# Records for the task

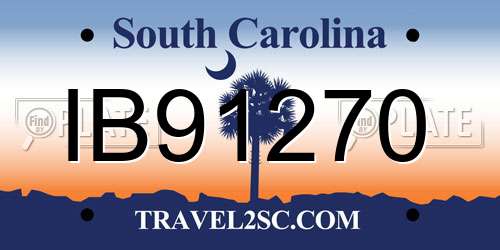 IB91270 South Carolina License Plate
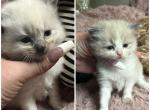 Kats Ravishing Ragdolls 2 kittens - Ragdoll Kitten For Sale - Lancaster&comma; PA&comma; US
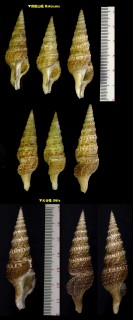 コガスリクダマキ Lophiotoma notata small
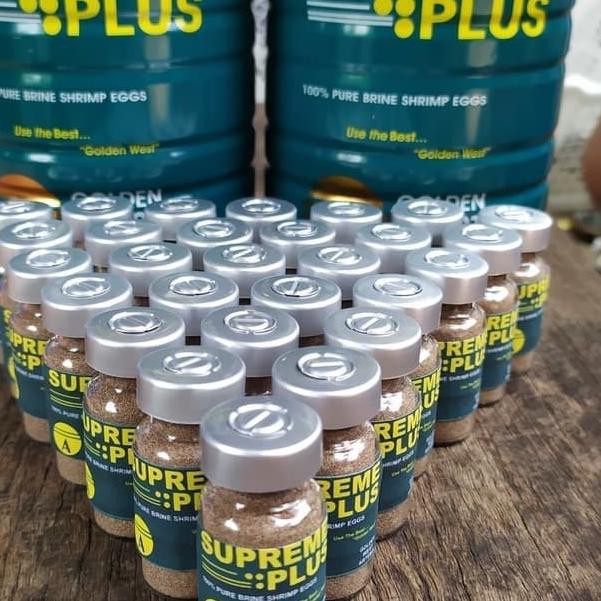 

✰ Artemia Repack 10g / Artemia supreme plus pakan cupang guppy ORIGINA ✈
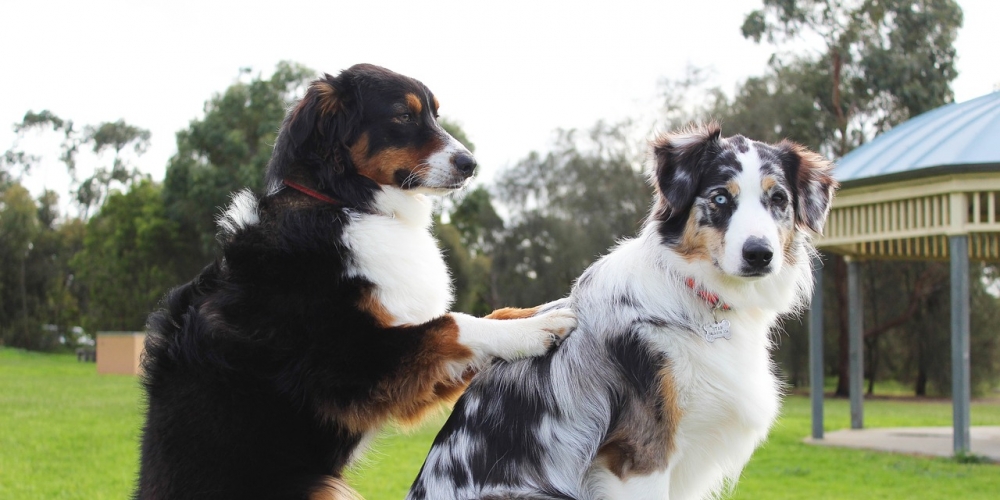 PetasticPets's tweet photo. Who likes it? WOW
 #pets #dogs #cats #familypets #petastic #doglovers #catlovers #petlovers #dogsandcats #petslife #cutepets #cutedogs #cutecats #funnydogs #catmemes #dogmemes #funnycats #lovelypets #lovelydogs #lovelycats https://t.co/5ZsOtk4qIR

# Exercise aim
Please return exactly, and only, the lines from the one containing "guppy ORIGINA ✈" through the end of the records, with both end lines kept and every picture dropped.

# Written answer
✰ Artemia Repack 10g / Artemia supreme plus pakan cupang guppy ORIGINA ✈
 PetasticPets's tweet photo. Who likes it? WOW
 #pets #dogs #cats #familypets #petastic #doglovers #catlovers #petlovers #dogsandcats #petslife #cutepets #cutedogs #cutecats #funnydogs #catmemes #dogmemes #funnycats #lovelypets #lovelydogs #lovelycats https://t.co/5ZsOtk4qIR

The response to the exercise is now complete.